Pittsburgh will retire Franco Harris' No. 32 at halftime of the team's Week 16 game against the Las Vegas Raiders, the team announced Tuesday.

"I am thrilled we are going to honor Franco with this recognition by retiring his No. 32 jersey," Steelers president Art Rooney II said in a statement. "This is the 50th anniversary of one of the most memorable plays in NFL history; one that changed the course of our success with his 'Immaculate Reception' in 1972. My grandfather was once quoted as saying: 'Before Franco got here, we didn't win much; Since he got here, we don't lose.' I think that sums it up pretty good.

"Franco's impact on the franchise would be hard to overstate. That is why I think it is fitting and appropriate that we recognize Franco's remarkable career by retiring his Number 32 at our game on December 24."

The setting -- a Christmas eve prime-time game in Pittsburgh against the Raiders airing on NFL Network -- is fitting for retiring the number worn by a pillar of the franchise. Pittsburgh was a lowly club in its early years, but enjoyed a long-lasting shift toward legitimacy starting with the arrival of head coach Chuck Noll, defensive lineman Joe Greene, quarterback Terry Bradshaw and Harris. The last of that group made the most important catch in Steelers history to that point, snatching a deflected pass from the minuscule space remaining between his hands and the Three Rivers Stadium turf and taking it for a game-winning touchdown to propel the Steelers past the then-Oakland Raiders to the AFC Championship Game.
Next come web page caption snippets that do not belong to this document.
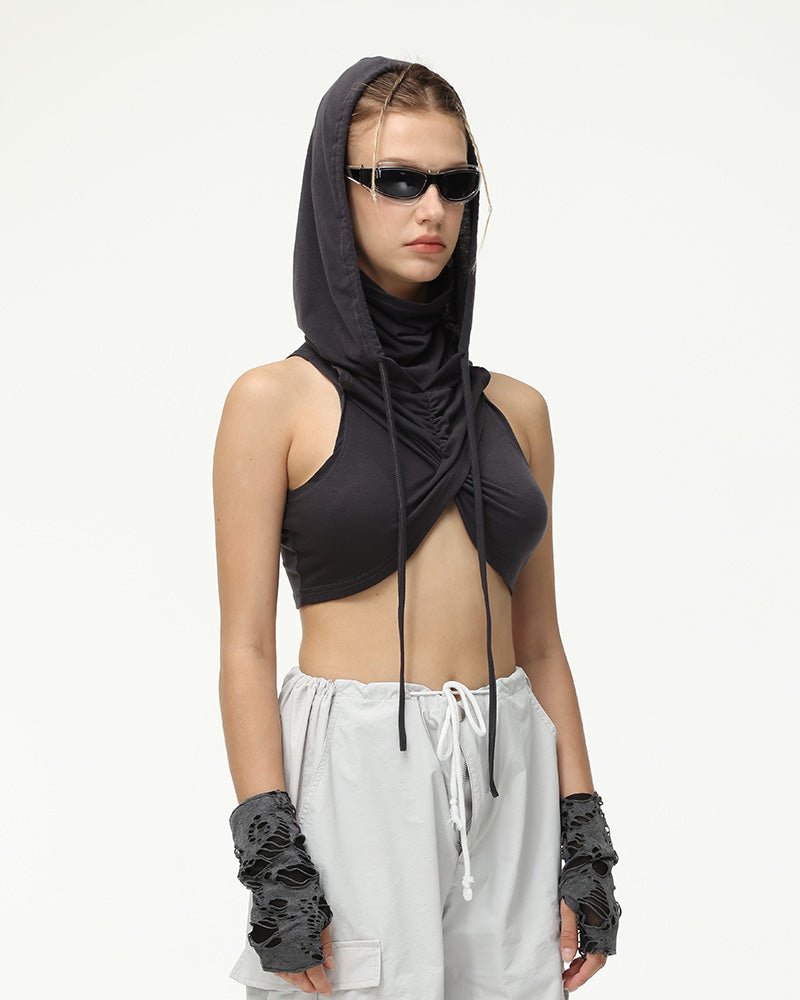 Desert Mask Raider Wrap Top with Hood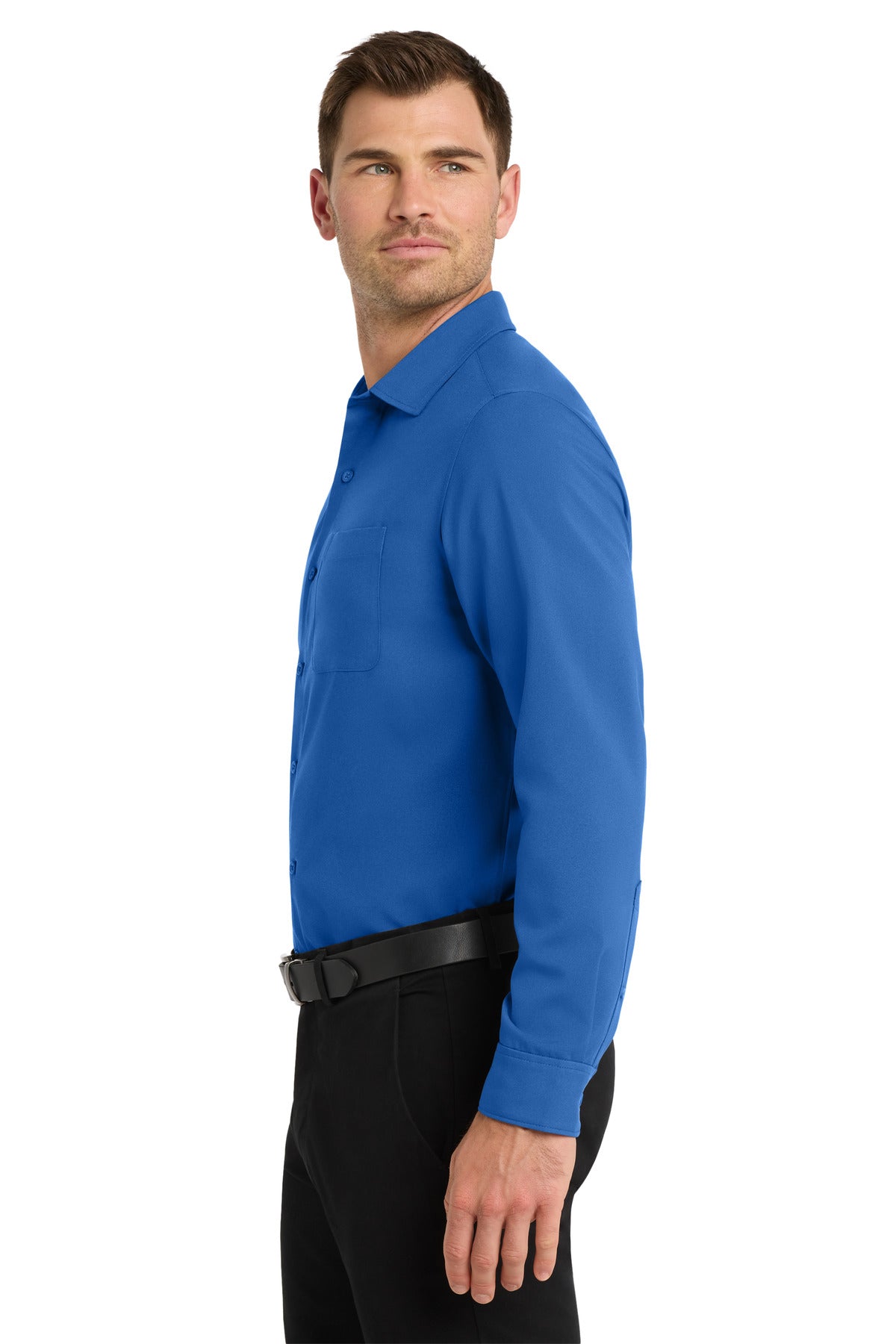 True Blue Port Authority Long Sleeve Performance Staff Shirt W401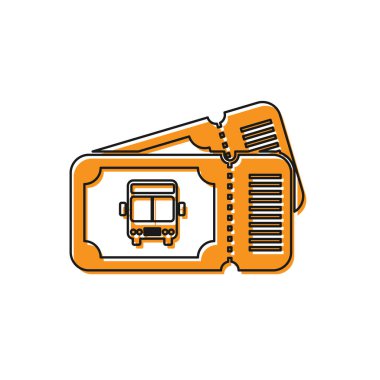 Turuncu Otobüs bilet simgesi beyaz arka plan üzerinde izole. Toplu taşıma bileti. Vektör İllüstrasyonu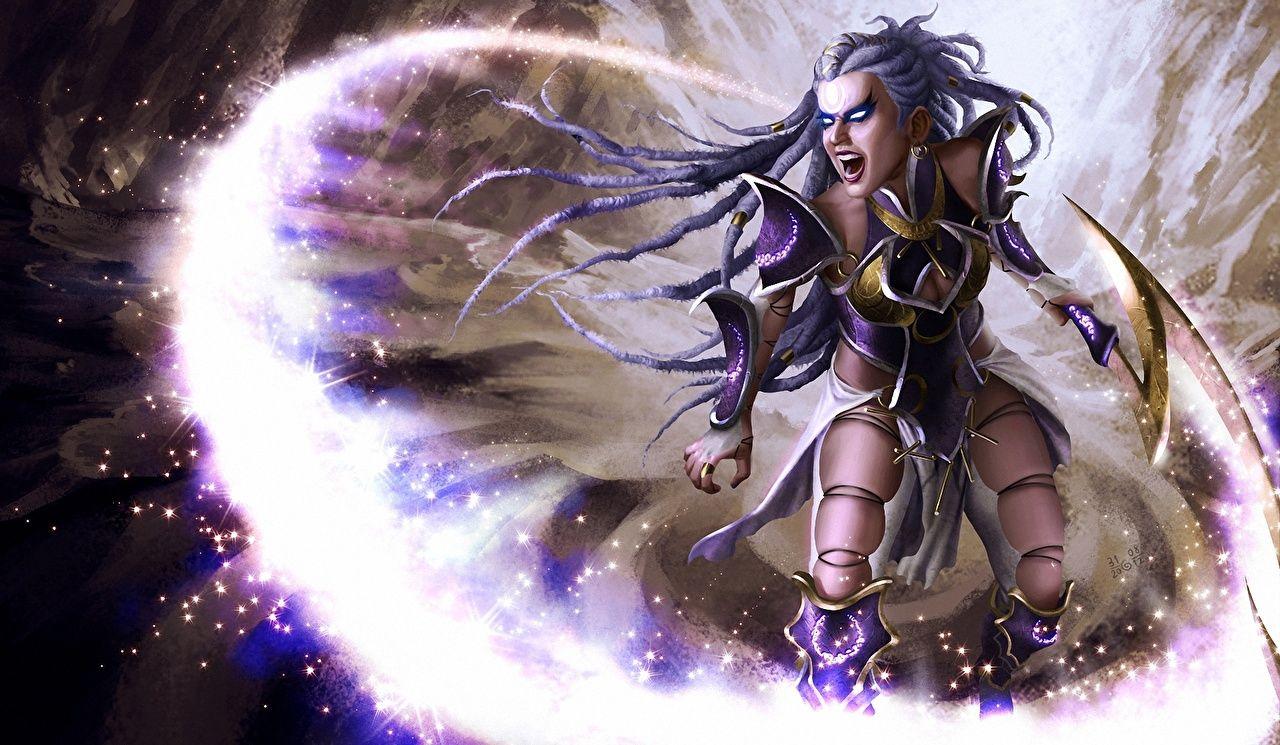 1280x745 Wallpaper League of Legends sorcery warrior Diana Fantasy 3D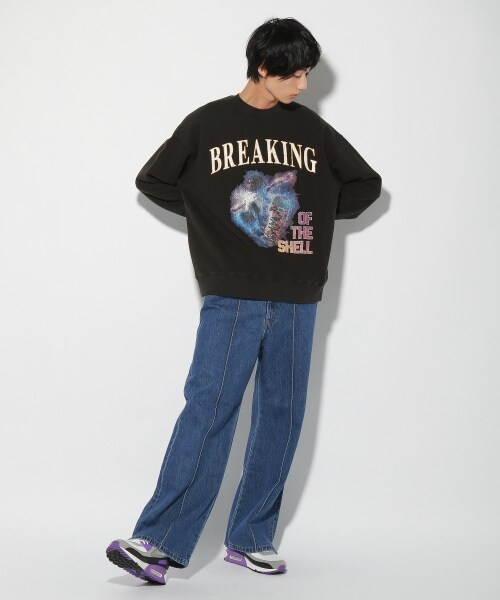 PAGEBOY（ページボーイ）の「スケボーグラフィックスウェット（トップス・レディース・ブラック09/ネイビー88・M/L）」の12枚目の写真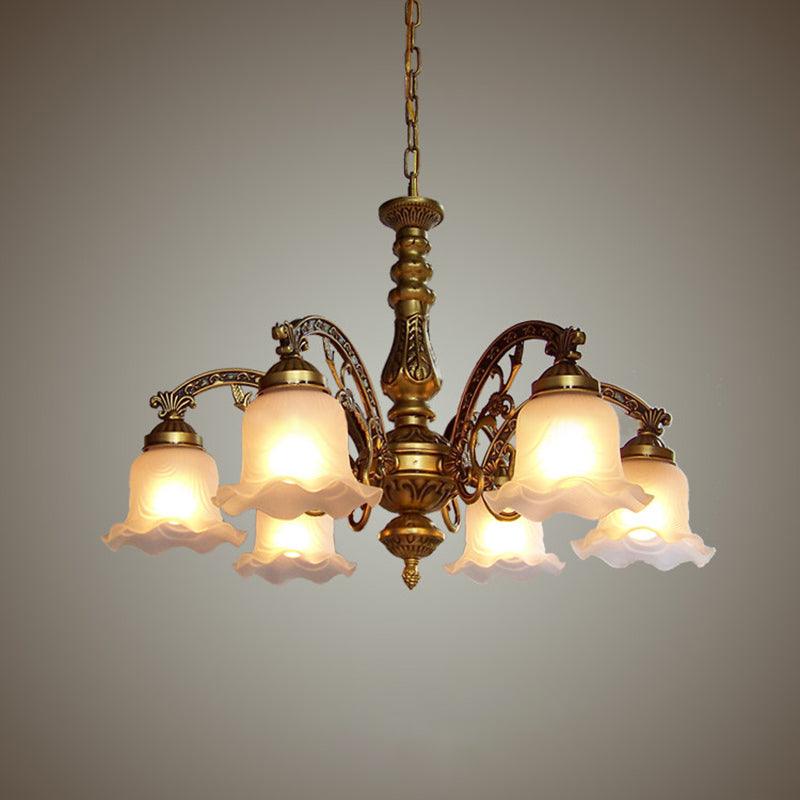 3/6 Bulb Ceiling Lamp with Scalloped Shade in Brass - Rebooters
Though its legitimacy is still questioned today, the play was so significant, a statue depicting Harris catching the pass greets travelers who arrive at Pittsburgh International Airport. It is synonymous with the rise of the Steelers and both their standing in Pittsburgh and the NFL.

The Steelers went on to lose to the undefeated Dolphins in the conference title game, but the victory stood as Pittsburgh's first postseason triumph in franchise history. From there, the Steelers became the dominant team of the 1970s, winning four Super Bowls between 1974 and 1979. As television broadcasts popularized the sport, Pittsburgh became a frequent focus of NFL coverage across the United States, and the loyal, passionate Steeler Nation was born.

It's fair to wonder if any of that happens without Franco's logic-defying touchdown reception. He certainly earned his place in Steelers history, and decades after retiring, the franchise will honor him accordingly.